Hyundai IONIQ surpasses 100.000 units sold worldwide

Hyundai IONIQ trio sales worldwide

In total 106.306 units of the Hyundai IONIQ trio were already sold worldwide by January 2018. However, these figures could be a lot higher if Hyundai had increased production to keep up with demand…

 

When Hyundai launched the IONIQ Hybrid in 2016, it was clear that it was aimed to compete with Toyota Prius, which is still the most sold hybrid car in the world.

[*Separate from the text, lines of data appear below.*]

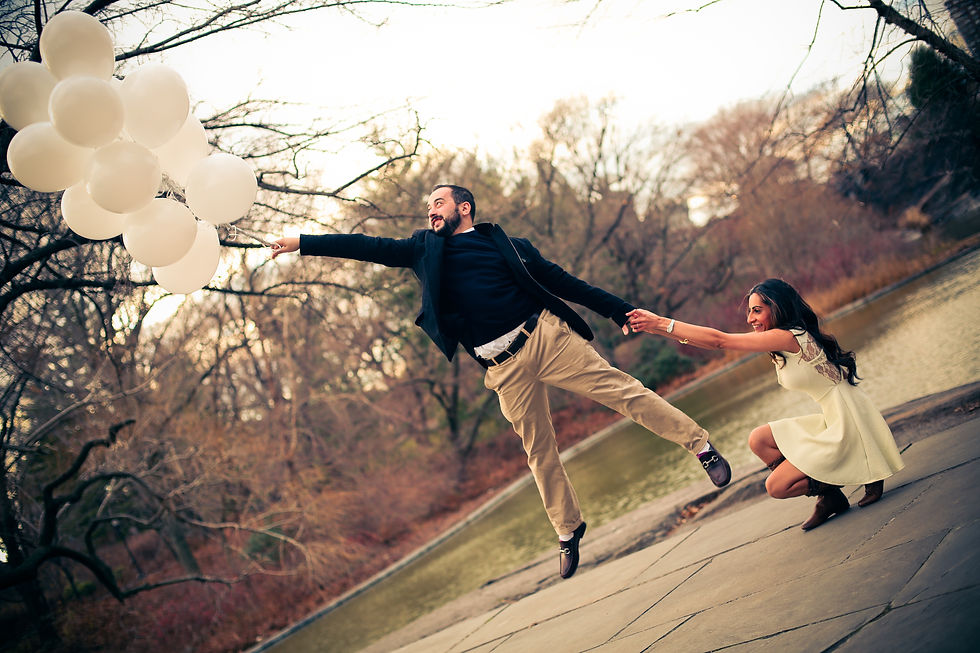 Central Park Engagement Session, NYC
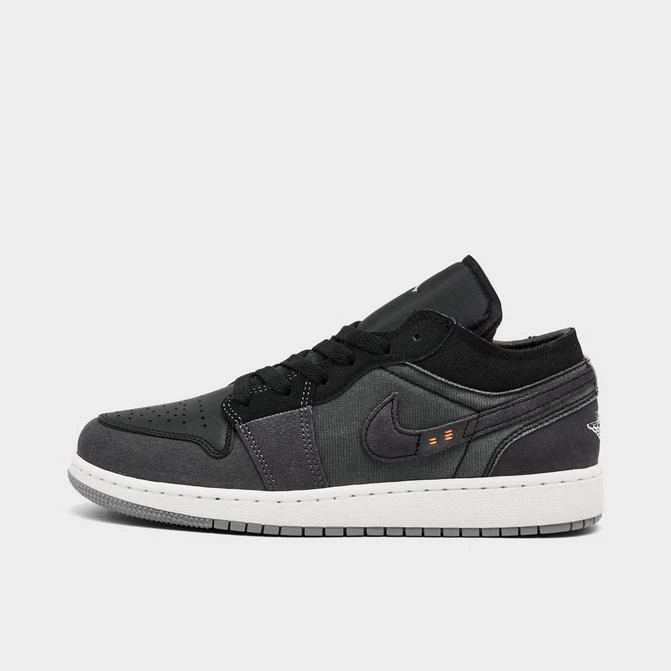商品Jordan|Big Kids' Air Jordan 1 Low SE Craft Casual Shoes,价格¥724,第1张图片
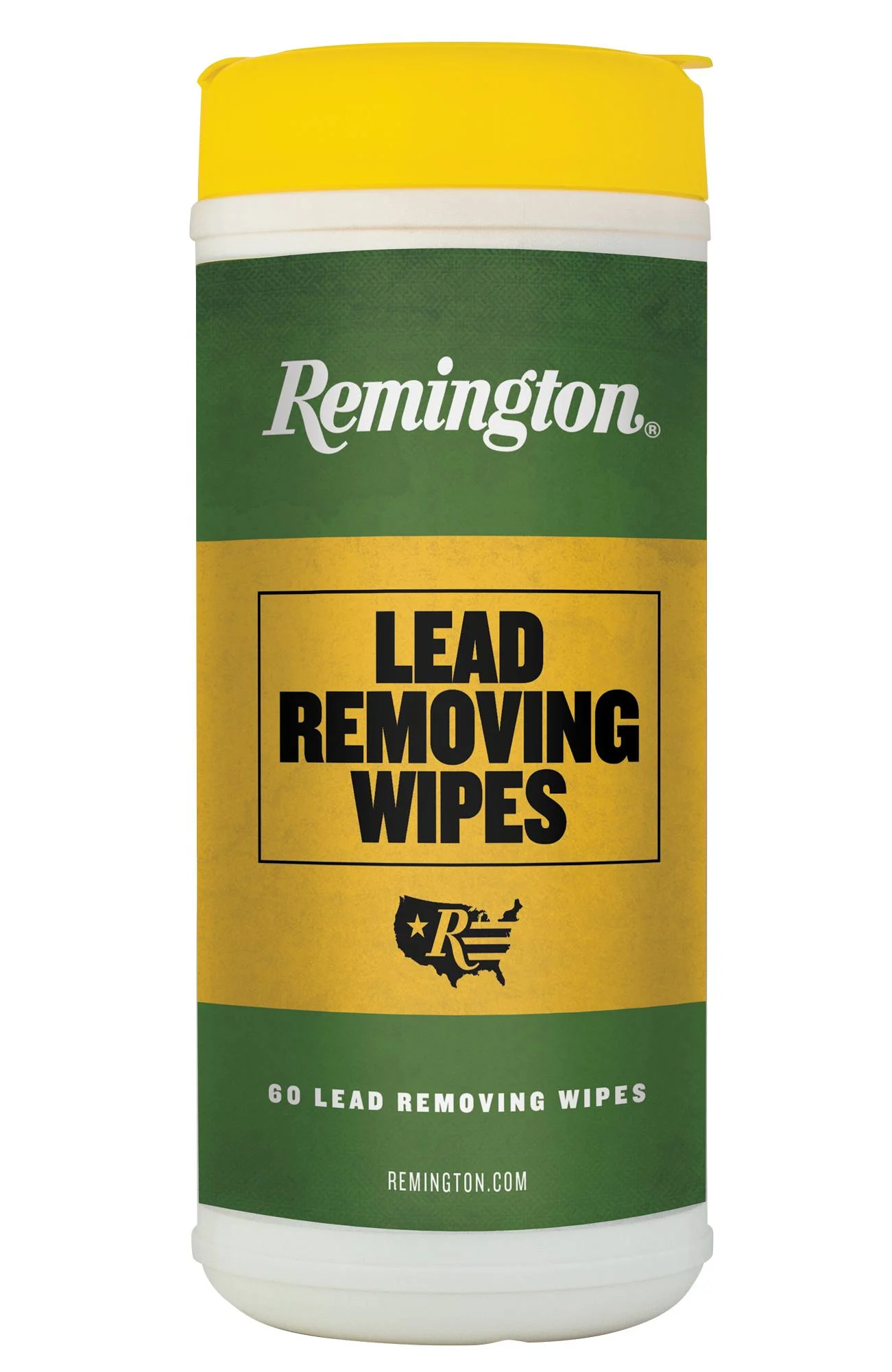 Remington Lead Removing Wipes, 60 Count, 7 in. x 8 in.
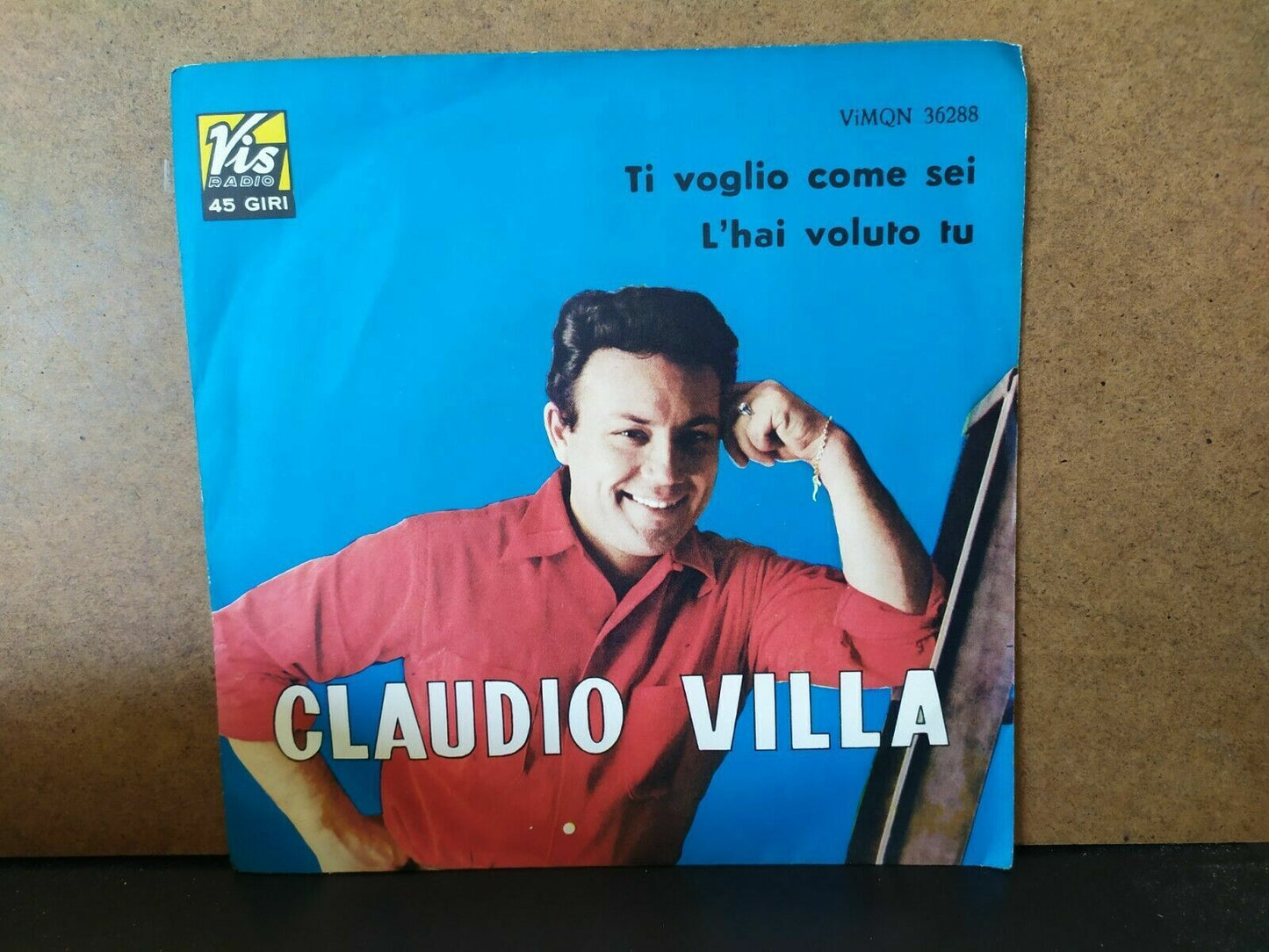 Claudio Villa - Je te veux tel que tu es / Tu le voulais
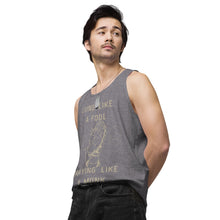 Load image into Gallery viewer, Living Men’s premium tank top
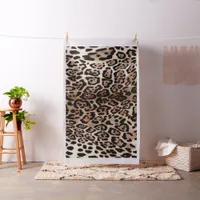 Leopard Spot Animal Print Pattern Fabric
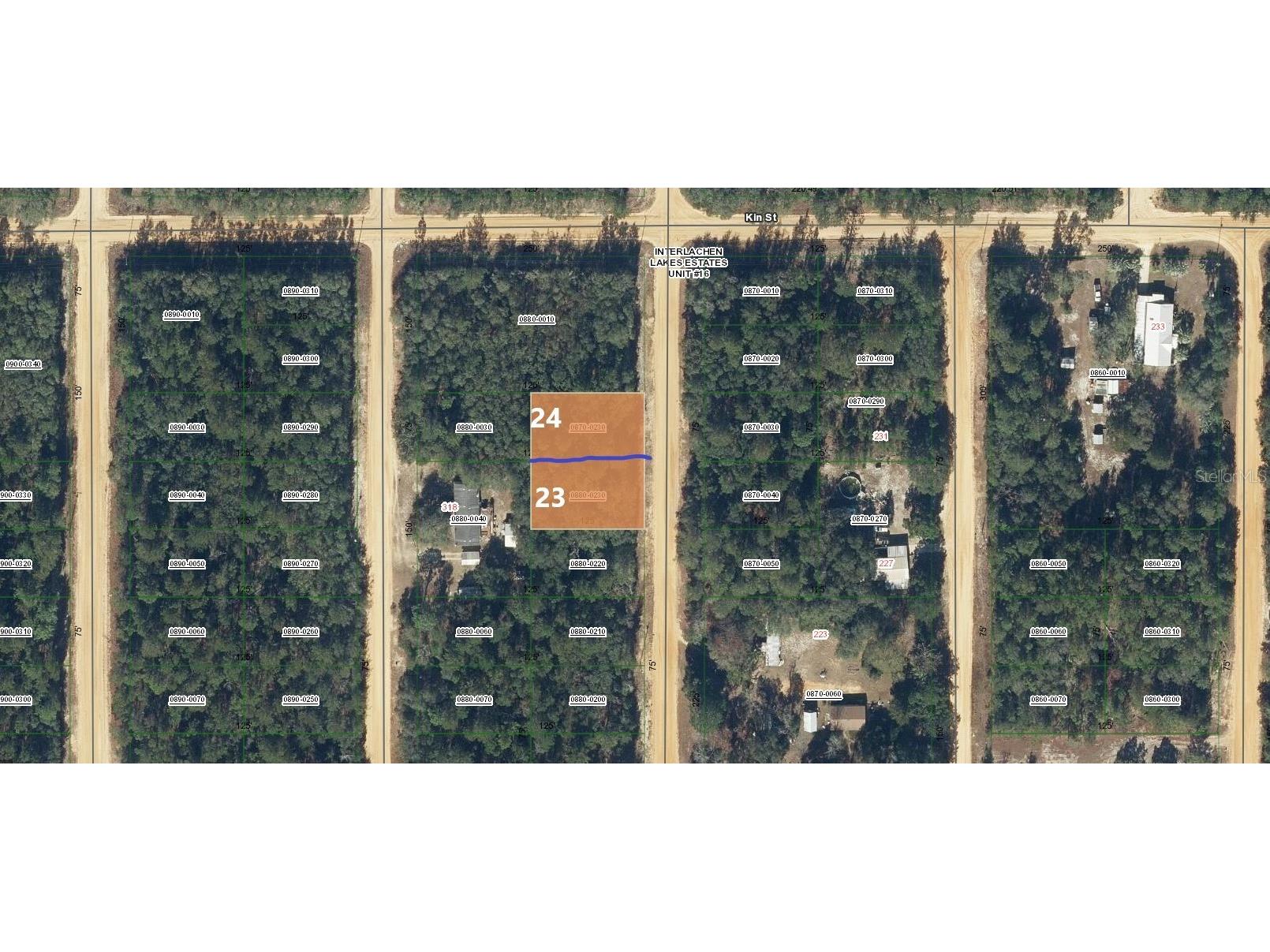 LOT 23 Theresa Avenue Interlachen FL 32148 OM673383 image1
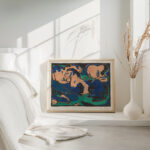 Ruhende Pferde 1911 Franz Marc 4 mockup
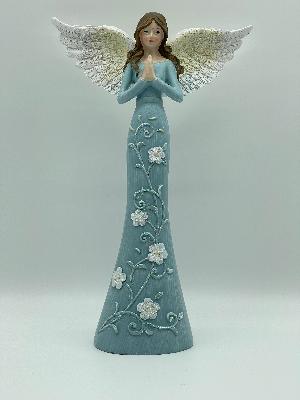 Angel In A Floral Dress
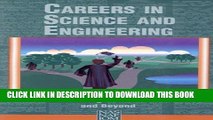 New Book Careers in Science and Engineering: A Student Planning Guide to Grad School and Beyond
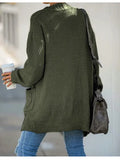 Cardigan de Tricot Alongado Tilleaul - Vista Ladies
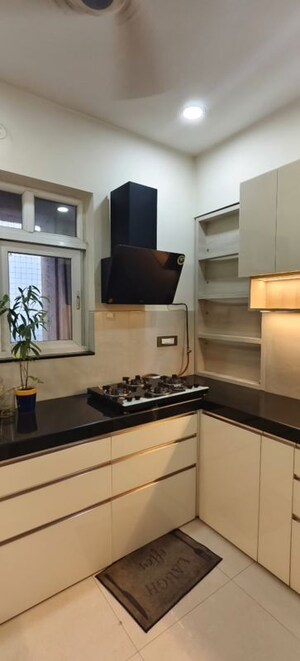 Kitchen in 3 BHK Apartment at Hiranandani Gardens Eldora, Powai – for Rent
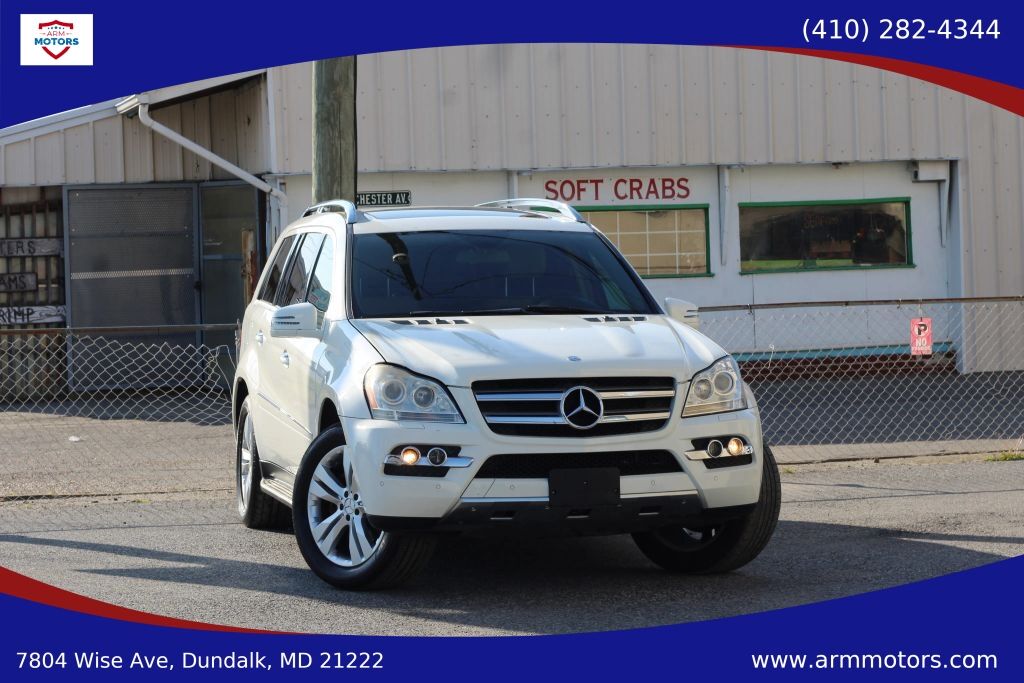 2011 MERCEDES-BENZ GL-Class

On the other hand, the electric variant was aimed to be an alternative to the Nissan Leaf.

The plug-in hybrid variant came later and its high price – combined with low electric range – makes it the most unappealing to consumers.

Anyway, Hyundai did a great job designing this eco-friendly trio.

 

Now lets see how well each variant sells in the domestic (South Korea) and foreign (export) market.

 

Hyundai IONIQ Hybrid sales
Year
Market 2016 2017 2018 (YTD) Total
Domestic 6 858 4 232 207 11 297
Export 14 622 43 896 4 006 62 524
Total 21 480 48 128 4 213 73 821

 

The hybrid variant is the one that Hyundai prefers to sell and that’s why it’s much cheaper than the other two. There’s no technical reason why the electric variant – with its small 28 kWh battery – costs around 10.000 € more than the complex hybrid variant in most European countries.

 

Hyundai IONIQ Electric sales
Year
Market 2016 2017 2018 (YTD) Total
Domestic 3 700 7 857 1 086 12 643
Export 2 015 9 464 873 12 352
Total 5 715 17 321 1 959 24 995

 

The electric variant is the second most sold worldwide, however it outsold the other two variants in South Korea, where governmental incentives to buy electric cars are working.

 

Hyundai IONIQ PHEV sales
Year
Market 2016 2017 2018 (YTD) Total
Domestic 0 129 5 134
Export 7 4 343 1 047 5 397
Total 7 4 472 1 052 5 531

 

The plug-in hybrid variant was the last to be made available and it’s the most expensive. Since plug-in hybrids don’t have much success in South Korea this variant is destined for exportation.

 

Summing up, this eco-friendly trio was very well engineered, but it’s undermined with low production rate and high waiting times. A decentralized manufacturing via multiple facilities (South Korea, China, North-America and Europe) is what this trio needs the most to thrive. It’s the decentralized manufacturing that makes the Nissan Leaf the best selling electric car.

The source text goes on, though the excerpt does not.